Symptoms of lymphedema include tightness and swelling which are frequently unilateral and asymmetric, as well as joint immobility and pain which is sometimes misdiagnosed as arthritis. In addition, long term effects can include obesity, skin changes, minor or severe infections, and even risk of lymphangiosarcoma if the lymphedema remains untreated. Cosmetic concerns also present psychological issues for many patients.
The symptoms of lymphedema gradually progress through three stages. Stage I, or reversible lymphedema, is marked by swelling which is usually reduced with simple elevation of the swollen arm or leg. There is also pitting of the overlying skin when it is depressed. Stage II is referred to as spontaneously irreversible lymphedema and is marked by an increase in fibrous tissue and progressive skin hardening. There can be frequent infections, swelling is increased, and the skin no longer pits when depressed. Simple elevation is no longer effective in reducing swelling at this stage. Stage III, or lymphostatic elephantiasis, shows an extreme increase in swelling in which the limb becomes columnar (loses definition of the knee and/or ankle). There are more extreme skin changes with increased hardening, and there can be large hanging skin folds. Stage III lymphedema can infrequently be associated with Stewart-Treves Syndrome, a highly malignant angiosarcoma.
|What is Manual Lymphatic Drainage treatment?
Manual Lymph Drainage is a highly specialized massage technique performed by physical therapists certified in lymphedema treatment.
Although an excellent form of treatment, many patients find the continuous bandaging very difficult. Often the bandaging must be done every day for life once a patient finishes therapy.
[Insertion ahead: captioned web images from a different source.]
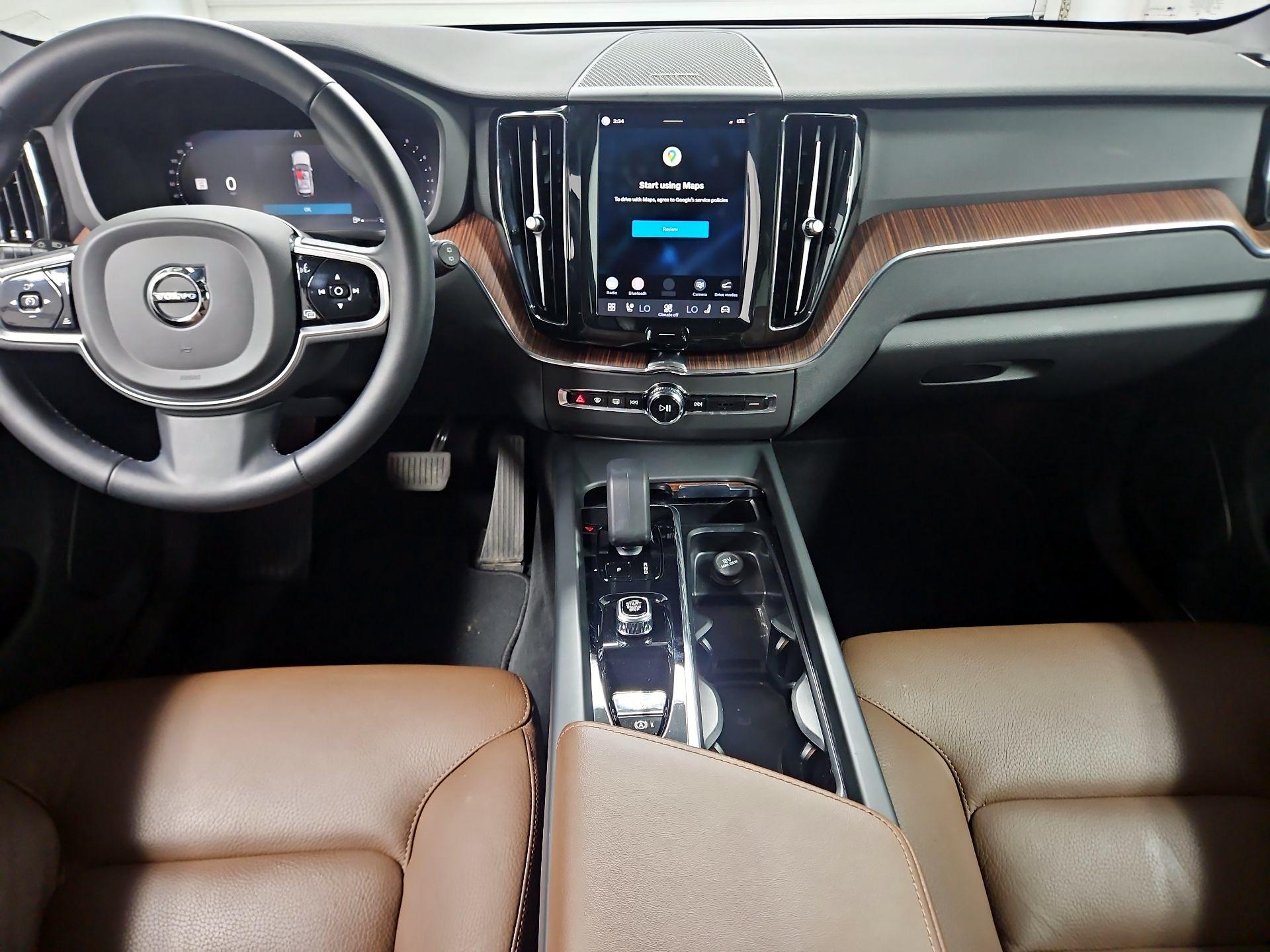 Thumbnail: 2023 Volvo XC60 - 9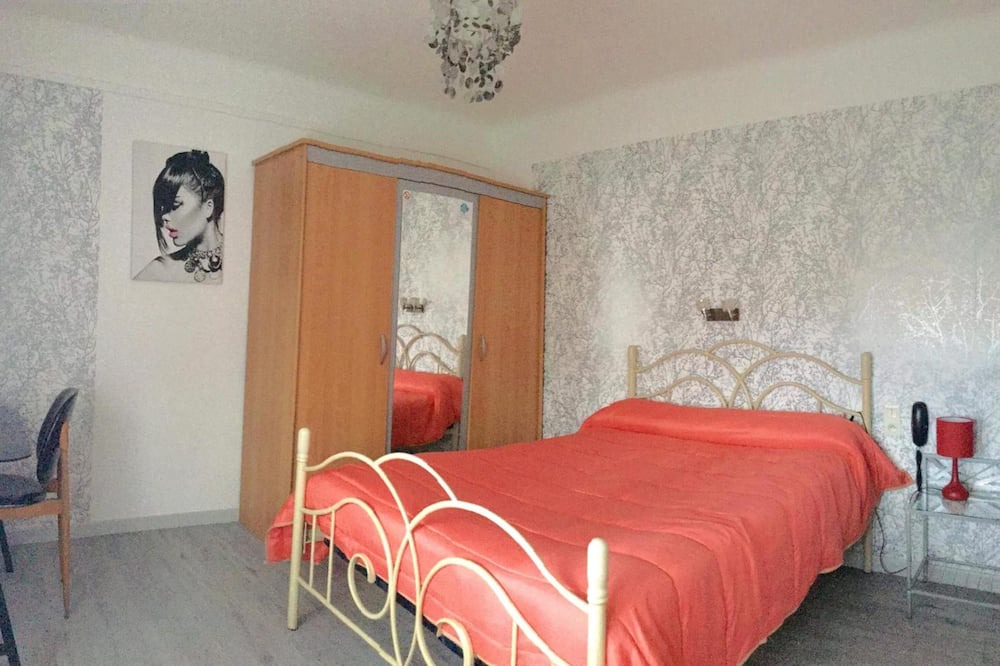 Photo of Bedroom in Estanove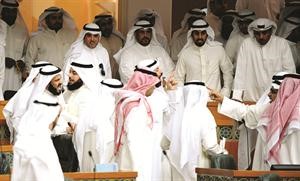 عدد من النواب يفضون خلافا حادا بين عدنان عبدالصمد وعبدالله البرغش خلال جلسة امس 	متين غوزال﻿
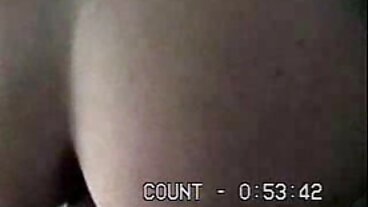Handjob πορνό με την πανέμορφη Julia Ann σεξ πορνο βιντεο από τους Brazzers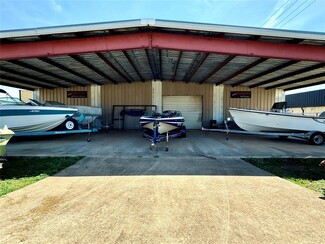 215 Kansas, Chickasha, OK 73018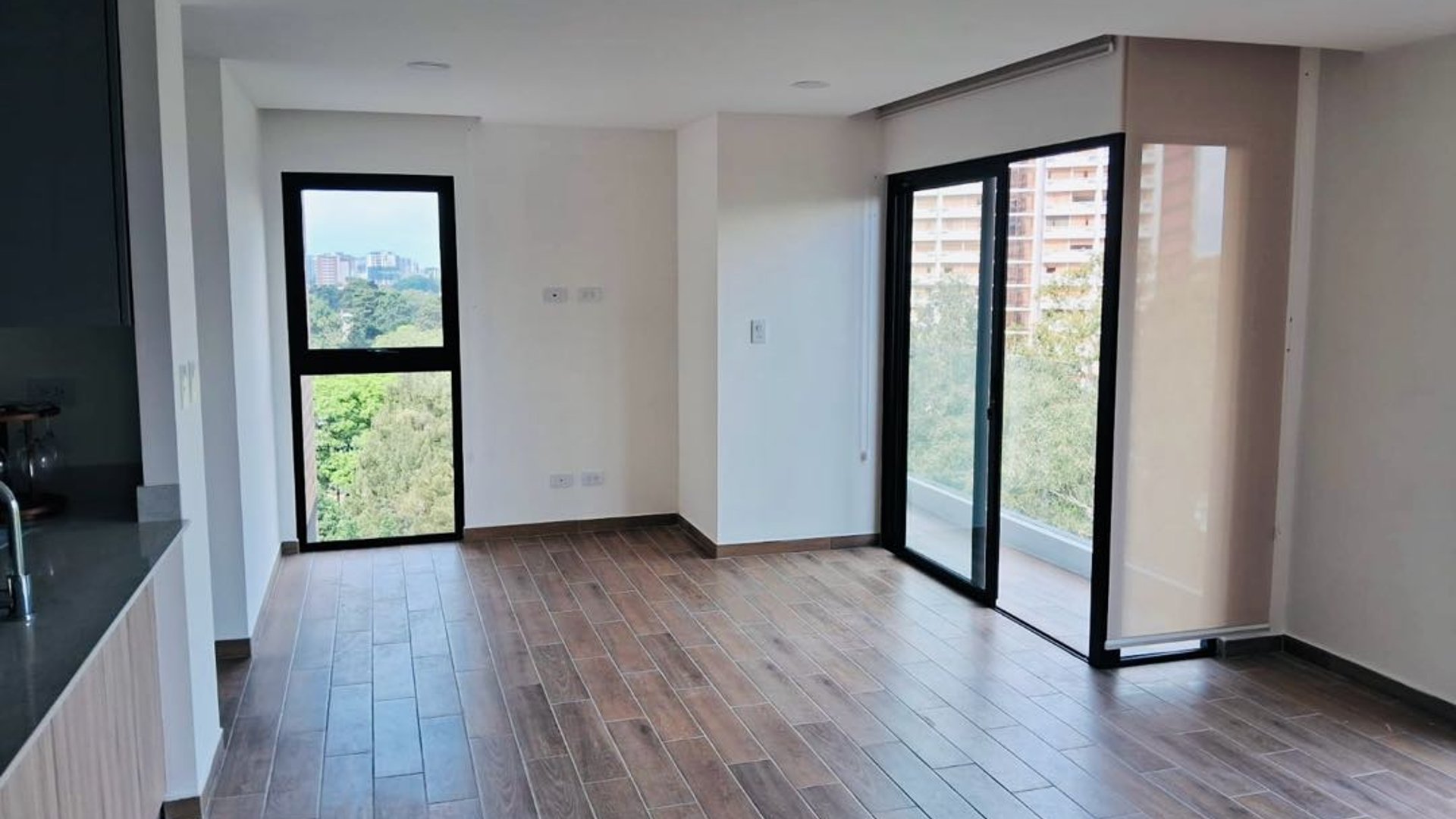 Apartamento en Renta en Parque 14, Zona 14 - Miniatura 2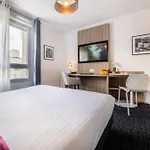 Nemea Grand Coeur Centre מלון דירות 4*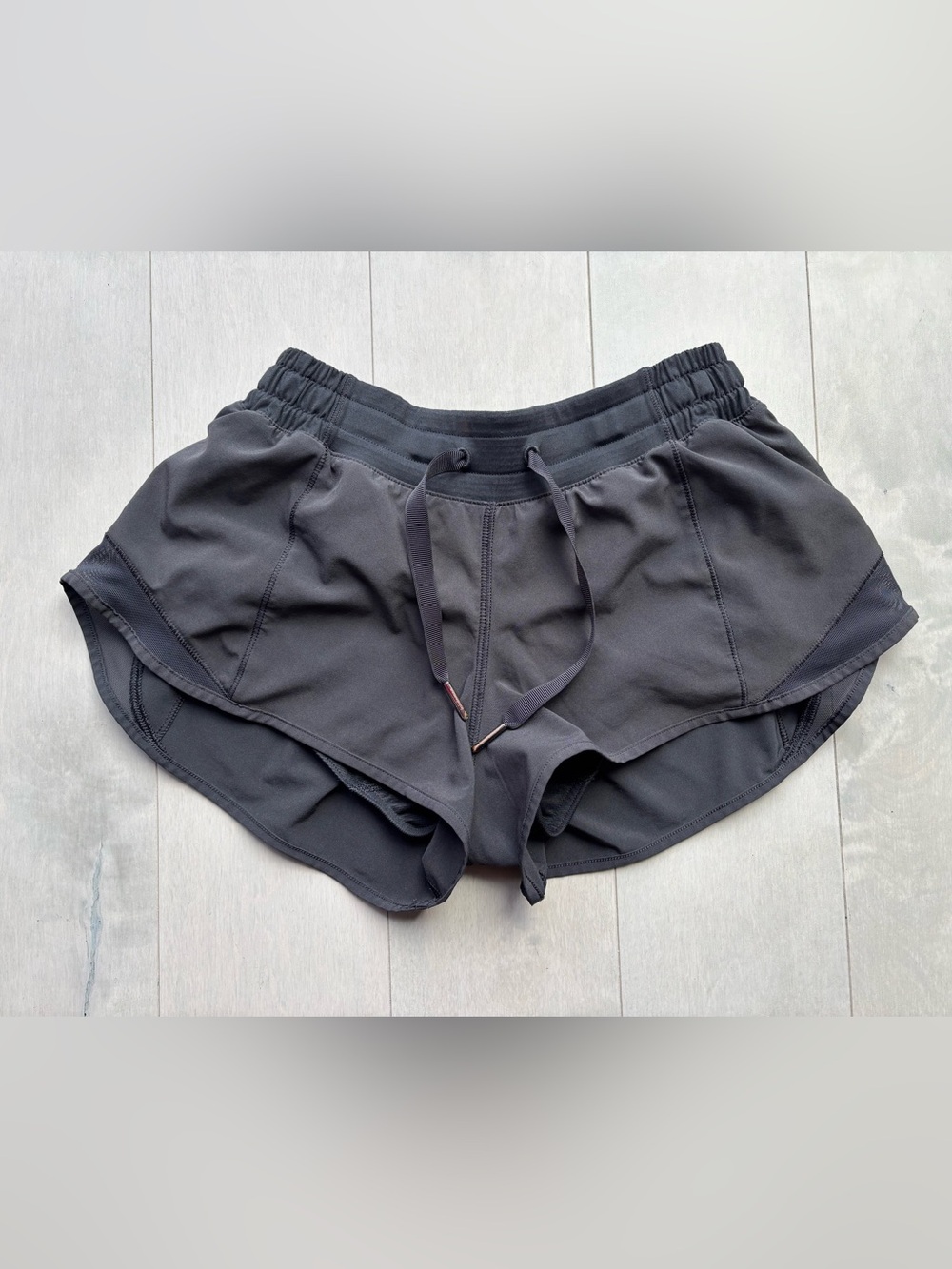 Lululemon shorts size 4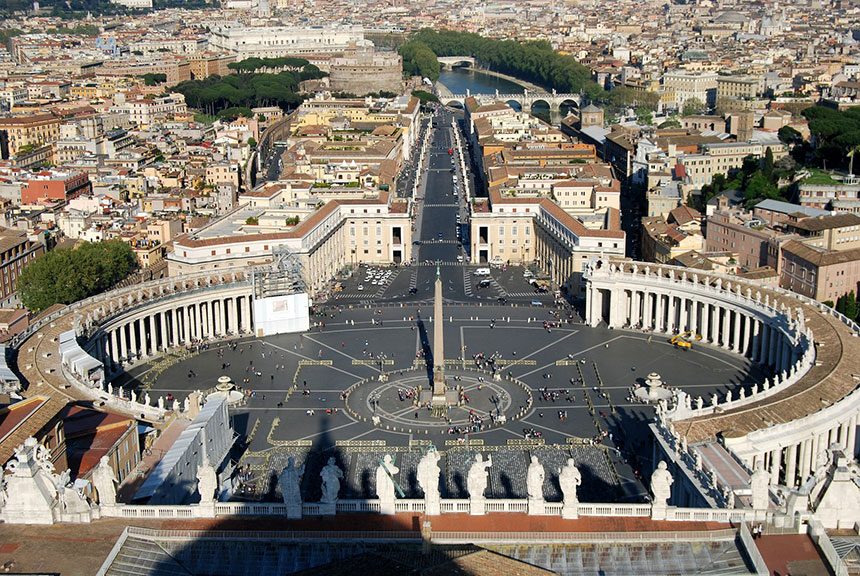 Money Changers near Vatican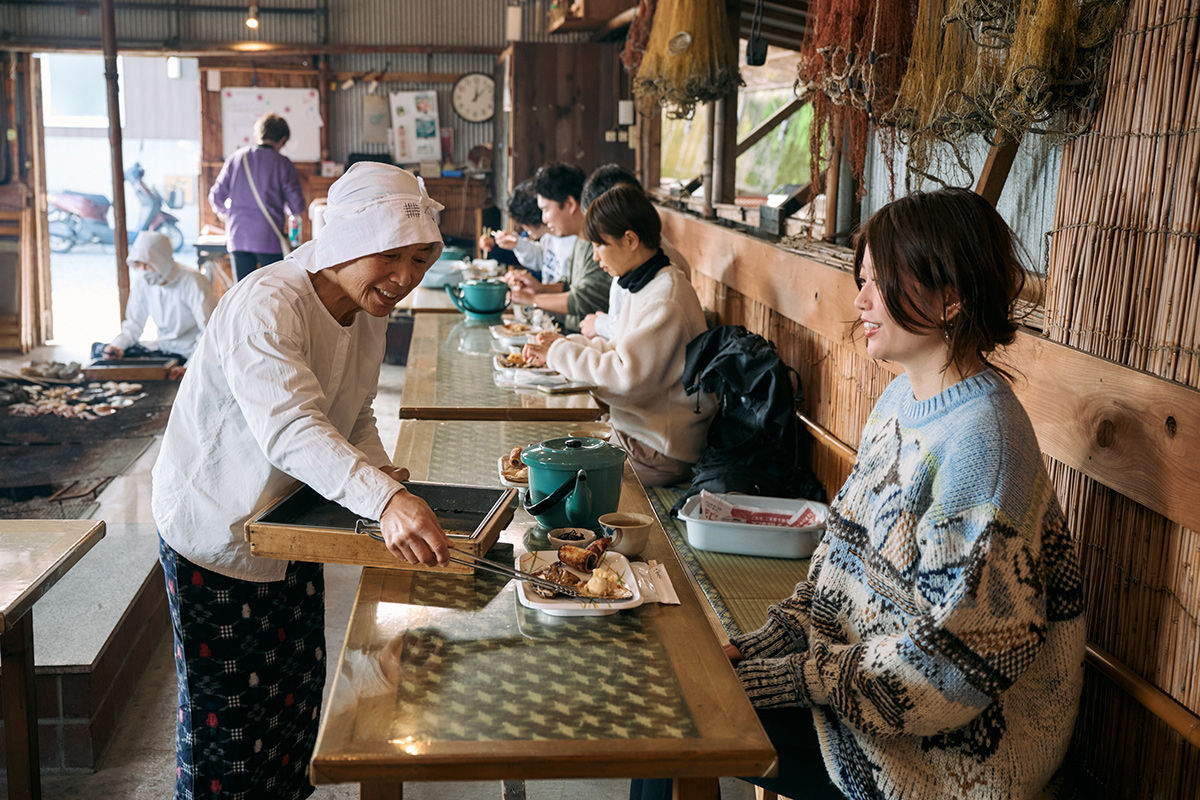 海女さんがふるまう炭焼きの海鮮ランチ「海女小屋相差かまど」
The treatment has limited coverage from Medicare and Insurance companies.
Manual Lymph Drainage uses a specific light-pressure stroking action to stimulate the lymph vessels just below the surface of the skin.
Manual Lymph Drainage then works to stimulate the lymph vessels on the "good unaffected side" of the body (trunk region) which then helps suction lymph fluid from the "bad affected side" of the body. The therapist guides the fluid from sluggish lymph areas to various healthy lymph regions that are effective in draining excessive fluid. After the trunk or abdomen is decongested/drained, the upper part of the arm or leg is treated and then is followed the distal part and the limb.
Manual Lymph Drainage helps the lymph system remove excess water, protein and other wastes from connective tissues in different areas.. The lymph system then rids the body of this excessive fluid by eventually dumping it back into the blood stream.